Piccolo mondo che è fatto di cose semplici e di tanta umanità, di sentimenti e legami forti non solo con la famiglia e gli amici, ma anche con la natura e con ogni essere vivente.

Il suo approccio alla relazione umana esprime una particolare sensibilità dell’animo, trasuda solidarietà e vicinanza e si fa prossimo degli altri, specialmente degli ultimi e di quei ragazzi che vivono condizioni di disagio o patologie, in modo particolare della sfera autistica, e delle persone che soffrono di qualunque altra forma di angoscia esistenziale.

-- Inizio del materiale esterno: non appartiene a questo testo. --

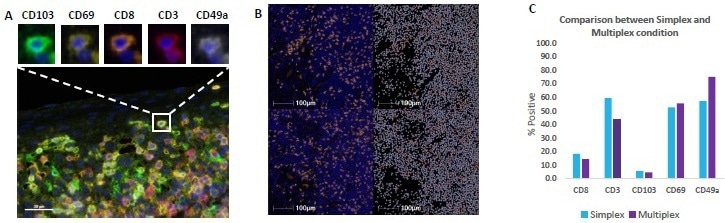 تجزیه و تحلیل سلول های T تنظیم کننده و موثر در تومورها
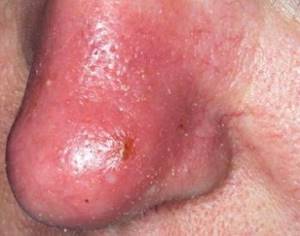Inflamed nose skin due to infection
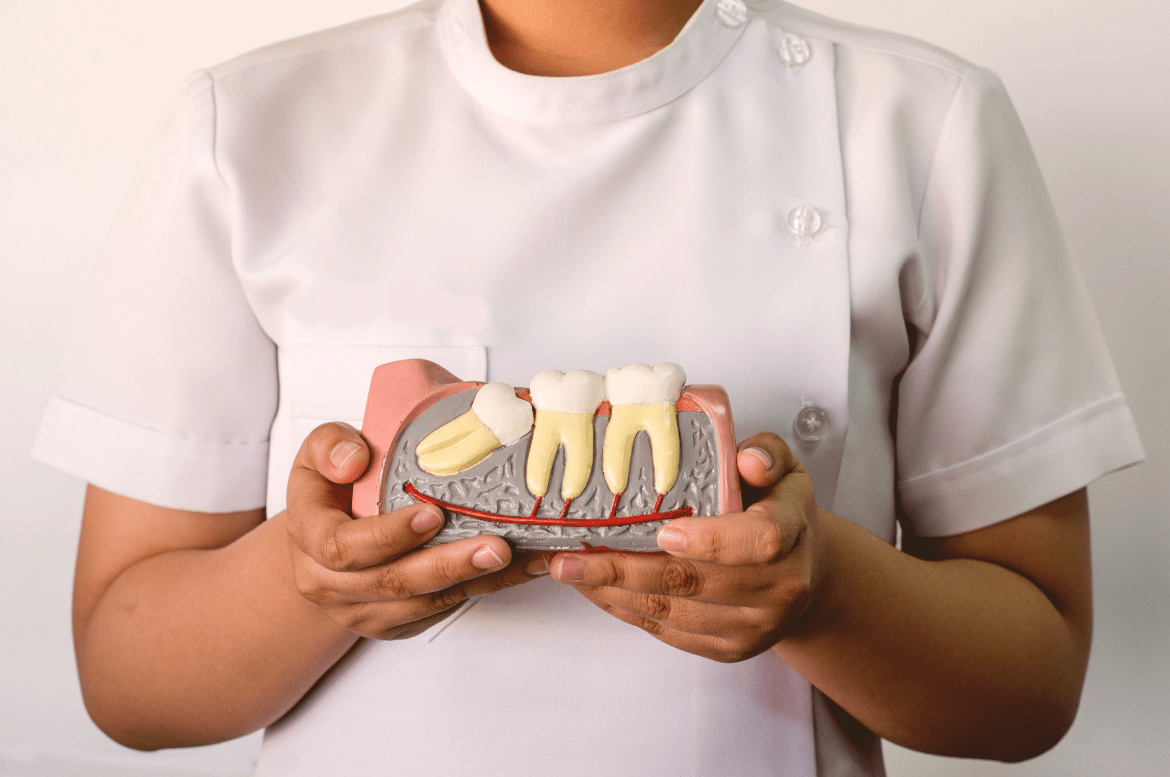 a woman holding a cross section model of a wisdom tooth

Quanto allo stile, Luigi Smeraldi è un artista tutto da scoprire.

Artista che, per sua stessa dichiarazione, è lontano dai canoni del classicismo dell’arte figurativa e scultorea generalmente concepita – composizione armonica e bellezza estetica delle raffigurazioni nelle giuste proporzioni, prospettive, soluzioni cromatiche -, ma si richiama, invero, agli aspetti stilistici e culturali della Trash Art – “arte del rifiuto” –-, corrente artistica che utilizza scarti, materiali riciclati e fin anche spazzatura come materia prima per creare opere e installazioni d’arte.

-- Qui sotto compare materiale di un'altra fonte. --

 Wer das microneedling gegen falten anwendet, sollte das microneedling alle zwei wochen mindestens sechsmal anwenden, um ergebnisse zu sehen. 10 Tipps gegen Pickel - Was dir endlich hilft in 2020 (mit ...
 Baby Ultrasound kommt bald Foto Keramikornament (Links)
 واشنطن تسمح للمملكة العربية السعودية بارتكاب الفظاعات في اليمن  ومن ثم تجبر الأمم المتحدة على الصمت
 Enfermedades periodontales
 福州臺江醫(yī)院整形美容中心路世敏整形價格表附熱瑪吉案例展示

Ed è questo un movimento artistico contemporaneo che mira a sensibilizzare la società al tema della protezione ambientale, della tutela della bellezza del creato, trasformando i rifiuti in messaggi creativi e sostenibili che criticano il consumismo, la devastazione e l’abbandono.

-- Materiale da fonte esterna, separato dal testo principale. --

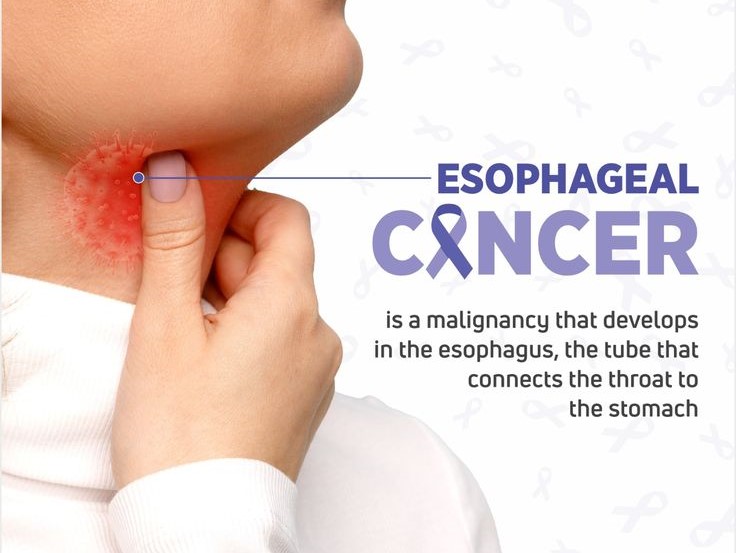 Early warning signs of esophageal cancer explained by cancer specialist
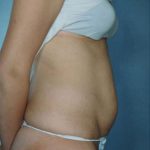 Tummy Tuck Before & After Patient #8003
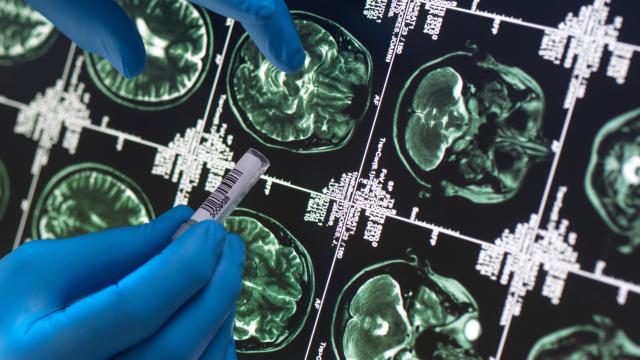 Frightening New Details Emerge About Mystery Brain Illness in Canada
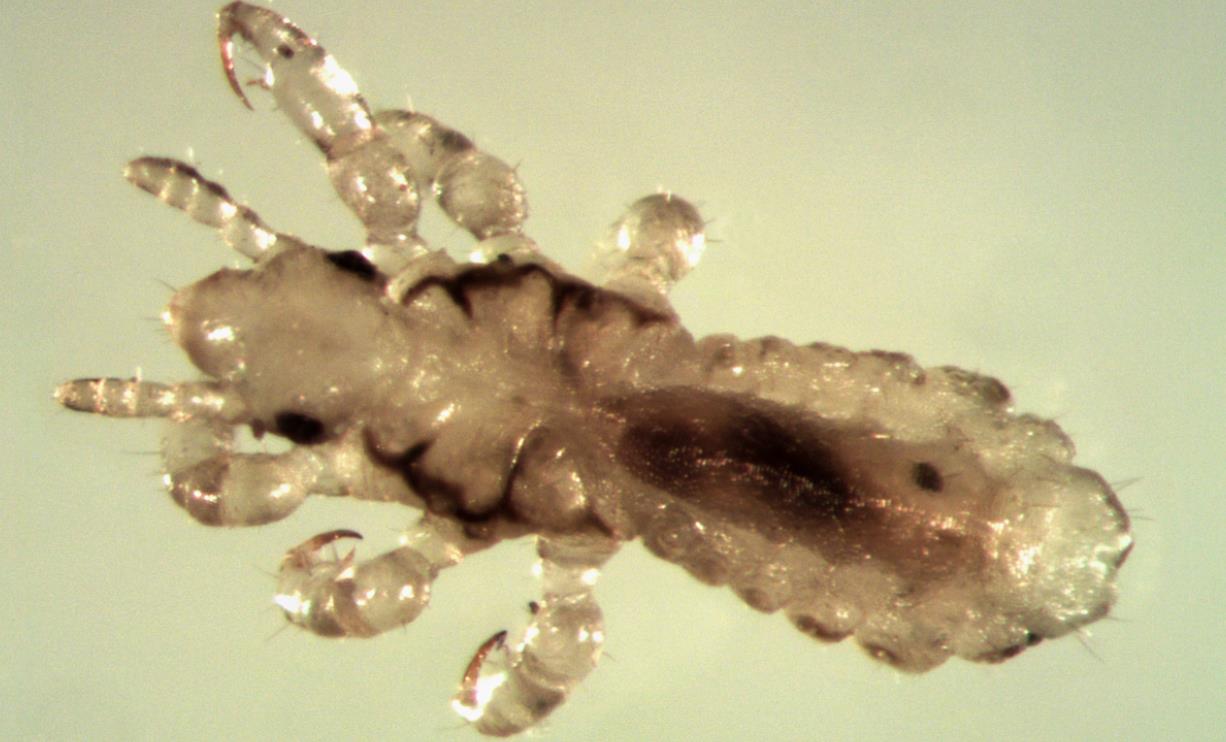 我搬进了低价公寓，洗澡时忘记带毛巾，用了房东提供的，染上阴虱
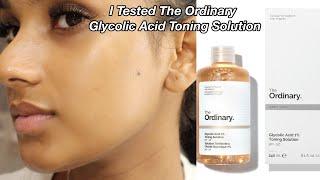 I Tested The Ordinary Glycolic Acid Toner Every Day For A Week & This Happened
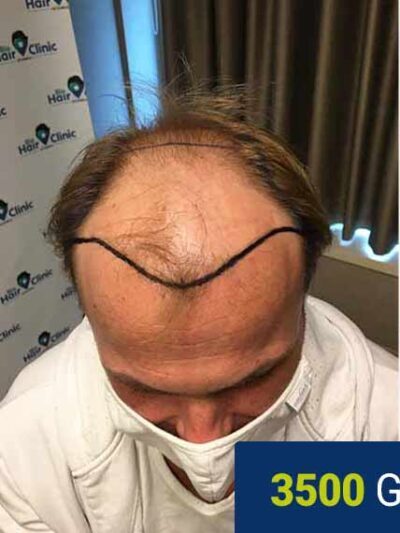 Patient before hair transplant — significant crown thinning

Quindi troviamo in Luigi una forte coscienza ambientalistica, e soprattutto spicca la denuncia della deriva di una società opulenta, edonistica, relativistica, attratta dalla subcultura dell’apparire piuttosto che dell’essere, che lascia indietro chi è fragile, chi non ce la fa e viene considerato scarto. Ecco, Il concetto di scarto nelle cose materiali e nella realtà della persona umana.

L’arte di Luigi Smeraldi getta un fascio di luce su questa drammatica distorsione culturale e morale, mentre rende protagonista della sua arte quella umanità emarginata, umanità fragile e piegata in sé stessa, umanità sofferente e spesso impossibilitata ad affrancarsi dalla povertà morale e materiale, ma umanità sempre e comunque piena di dignità.

Fin dai primi passi del suo percorso artistico, Luigi Smeraldi, che ama chiamarsi col nomignolo artistico AKA Peri, si è calato in un filone di pensiero creativo proveniente dall’America e facente riferimento all’artista californiano Mike Kelley, che si chiama Spooknig. E qui comprendiamo meglio lo stile e il linguaggio artistico di Luigi.

Lo Spooknig rappresenta infatti un universo parallelo al mondo che conosciamo e viviamo: cioè è una visione popolata da creature grottesche e simpatiche che si incontrano ed agiscono secondo logiche del tutto proprie e indipendenti da quelle degli umani (citazione del prof Giampiero Vincenzo, docente disciplina sociologica ABA – CT, nel contesto di una recensione critica per la Mostra Personale di Luigi tra settembre e ottobre del 2013). Così, l’universo creativo di AKA Peri, in qualche modo alternativo al nostro, è fatto da volti e oggetti comuni che acquistano il senso che egli vuole dare, ed è composto da strani marchingegni meccanici semoventi, da giocattoli in disuso che diventano improbabili mezzi di trasporto, da un violino ormai inservibile ma capace di generare ancora un suono struggente, da piccoli rami che sono scarto della natura e che si intrecciano nelle abili mani dell’artista con originalità compositiva, Insomma, siamo davanti ad una mostra realizzata con straordinaria creatività attraverso la quale l’artista intende manifestare un messaggio etico e culturale all’osservatore, a condizioni che questi sappia andare oltre la dimensione della estetica consumistica per recepire con stupore il senso dell’opera.

Luigi Smeraldi merita di essere attenzionato ed apprezzato nella sua arte perché è questo lo strumento formidabile con cui egli parla e comunica le sue sensazioni, le emozioni, la coscienza morale, utilizzando la creatività di cui è largamente dotato. E lo fa con autentica originalità perché l’arte è come un vasto campo libero e inesplorato da percorrere, è una prospettiva da guardare a tutto raggio; l’arte è scevra da condizionamenti, e deve essere anche libera da qualunque pregiudizio perché essa è spontaneità e libertà di espressione indipendentemente dalla reazione dell’osservatore, e perché è sempre portatrice di un messaggio dell’artista come epifania della sua profonda interiorità.

Piaccia o meno questo, ma è l’essenziale.